My issues with inequality and wealth- folks like Brad are the folks who should be encouraged- I just feel the way American society is becming, we'll have fewer Brads.
Sometimes help and "handouts" can be good investments. The university Brad went to- going there was a government handout in a sense, public education is subsidized.
The question though is what is going to cause fewer "Brads"?
You imply that it is a lack of public spending on universities. Public spending on universities has increased every year since Brad went to college. It is, in fact, the number one reason why college has become so unaffordable. In the ~15 years since I started college until now the university I went to has gone from ~$30,000/year (paid for 50/50 by academic scholarship and loans) to ~62,000/year. Imagine being an 18 year old kid asked to take on $124,000 in loans (assuming the same 50/50 split I had) for an undergraduate degree. My sister-in-law is a practicing lawyer and swears if she had it to do over again she wouldn't. She'll be paying off her loans into her 40s. Imagine a 22 year old recent college grad with a good idea for a company who has to choose between paying his loans (at >$1,000/month) or starting his company. He can't possibly start his company AND pay his loans, not unless he's lucky to have rich parents. You average smart kid from a poor or middle class family is screwed. He needs a job to pay his loans and has to put his idea away. The problem in this scenario isn't "rich" people, it's the cost of education.

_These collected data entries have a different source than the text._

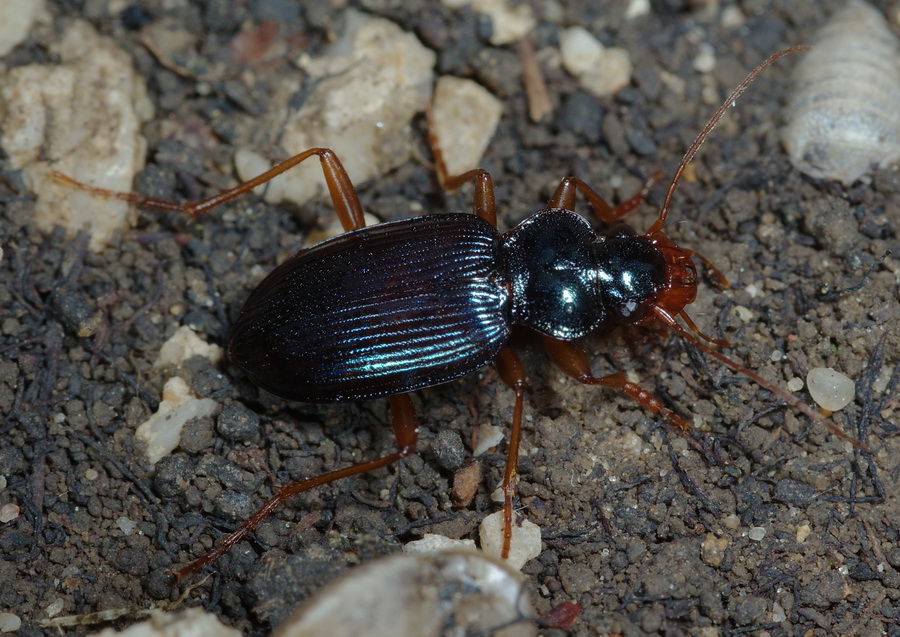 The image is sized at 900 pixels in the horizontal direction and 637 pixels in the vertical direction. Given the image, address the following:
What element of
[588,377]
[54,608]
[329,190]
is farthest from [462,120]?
[54,608]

I'd argue quite the opposite of your point. Not only is public spending on education alive and well, it's actually pat of the problem. The cost of education for the individual has increased at virtually the exact same rate that government spending on education has. More broadly I'd argue the same problem exists with public spending on environmental regulation, health care regulation, etc. The problem with an ever-increasing size of government is that it stifles the "little guy" from setting out on his own because only big corporations can afford to navigate the regulatory maze and then, once navigated, only they can afford to absorb the costs placed on business by those regulations (See FMLA, ADA, ACA, and hundreds of others). That's not saying regulation is inherently bad (it isn't), but that our insistence on ever growing regulation (spending) is. The government is the only force in society that has the power to distort the system at will. Unfortunately the US government doesn't treat that power with the respect it deserves and we end up with a screwed up system that does nothing but generate wealth inequality because only the powerful can afford to navigate the system. The system which places real and significant barriers to entry between small start up companies and the big players who can afford to work it. By the way, this isn't a partisan thing. George Bush is guilty of it too, just like Barack Obama (only in different policy areas).
To bring it full circle, this is the problem with a sense of systemic entitlement by the masses towards the successful. We are at (or near) a point where more spending, more regulation is always the answer because that's what a majority of the people want. Group 1 gets it's spending, group 2 gets theirs, etc until we have a system designed to keep separate little groups happy at the expense of the greedy, evil "rich". What we end up with is a system that has destroyed the ability of the poor and lower middle class to move up because they can't afford whatever opportunities they find. The fault isn't "rich people", but government not willing to break the sense of entitlement by determining what is truly social safety net (and therefore indispensable) and what is a freebie.